» **What you need to do**: Retyping the records exactly is the whole task.

━━━ Data records ━━━

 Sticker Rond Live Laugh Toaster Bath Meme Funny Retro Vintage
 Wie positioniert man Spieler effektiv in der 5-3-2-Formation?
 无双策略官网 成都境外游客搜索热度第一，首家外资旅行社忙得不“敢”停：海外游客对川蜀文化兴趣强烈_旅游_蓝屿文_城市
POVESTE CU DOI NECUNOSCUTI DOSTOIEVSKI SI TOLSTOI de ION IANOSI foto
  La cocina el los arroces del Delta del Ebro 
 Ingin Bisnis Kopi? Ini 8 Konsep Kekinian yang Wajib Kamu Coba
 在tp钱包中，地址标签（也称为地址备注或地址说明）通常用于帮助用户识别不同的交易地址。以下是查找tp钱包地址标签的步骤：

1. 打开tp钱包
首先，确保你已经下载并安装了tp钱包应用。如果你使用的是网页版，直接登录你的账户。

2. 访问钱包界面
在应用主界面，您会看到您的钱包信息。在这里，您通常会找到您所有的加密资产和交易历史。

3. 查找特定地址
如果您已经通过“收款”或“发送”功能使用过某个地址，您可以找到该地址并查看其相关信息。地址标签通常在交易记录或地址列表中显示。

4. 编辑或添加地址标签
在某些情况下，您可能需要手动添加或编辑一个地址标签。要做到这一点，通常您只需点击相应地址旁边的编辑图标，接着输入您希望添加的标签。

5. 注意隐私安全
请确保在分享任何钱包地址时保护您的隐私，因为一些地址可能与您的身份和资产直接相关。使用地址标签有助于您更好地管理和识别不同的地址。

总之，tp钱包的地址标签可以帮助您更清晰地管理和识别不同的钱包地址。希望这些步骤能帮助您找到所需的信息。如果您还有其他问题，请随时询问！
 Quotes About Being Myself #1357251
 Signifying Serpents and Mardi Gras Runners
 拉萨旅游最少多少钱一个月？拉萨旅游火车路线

━━━

» **Worked solution**:
 Sticker Rond Live Laugh Toaster Bath Meme Funny Retro Vintage
 Wie positioniert man Spieler effektiv in der 5-3-2-Formation?
 无双策略官网 成都境外游客搜索热度第一，首家外资旅行社忙得不“敢”停：海外游客对川蜀文化兴趣强烈_旅游_蓝屿文_城市
POVESTE CU DOI NECUNOSCUTI DOSTOIEVSKI SI TOLSTOI de ION IANOSI foto
  La cocina el los arroces del Delta del Ebro 
 Ingin Bisnis Kopi? Ini 8 Konsep Kekinian yang Wajib Kamu Coba
 在tp钱包中，地址标签（也称为地址备注或地址说明）通常用于帮助用户识别不同的交易地址。以下是查找tp钱包地址标签的步骤：

1. 打开tp钱包
首先，确保你已经下载并安装了tp钱包应用。如果你使用的是网页版，直接登录你的账户。

2. 访问钱包界面
在应用主界面，您会看到您的钱包信息。在这里，您通常会找到您所有的加密资产和交易历史。

3. 查找特定地址
如果您已经通过“收款”或“发送”功能使用过某个地址，您可以找到该地址并查看其相关信息。地址标签通常在交易记录或地址列表中显示。

4. 编辑或添加地址标签
在某些情况下，您可能需要手动添加或编辑一个地址标签。要做到这一点，通常您只需点击相应地址旁边的编辑图标，接着输入您希望添加的标签。

5. 注意隐私安全
请确保在分享任何钱包地址时保护您的隐私，因为一些地址可能与您的身份和资产直接相关。使用地址标签有助于您更好地管理和识别不同的地址。

总之，tp钱包的地址标签可以帮助您更清晰地管理和识别不同的钱包地址。希望这些步骤能帮助您找到所需的信息。如果您还有其他问题，请随时询问！
 Quotes About Being Myself #1357251
 Signifying Serpents and Mardi Gras Runners
 拉萨旅游最少多少钱一个月？拉萨旅游火车路线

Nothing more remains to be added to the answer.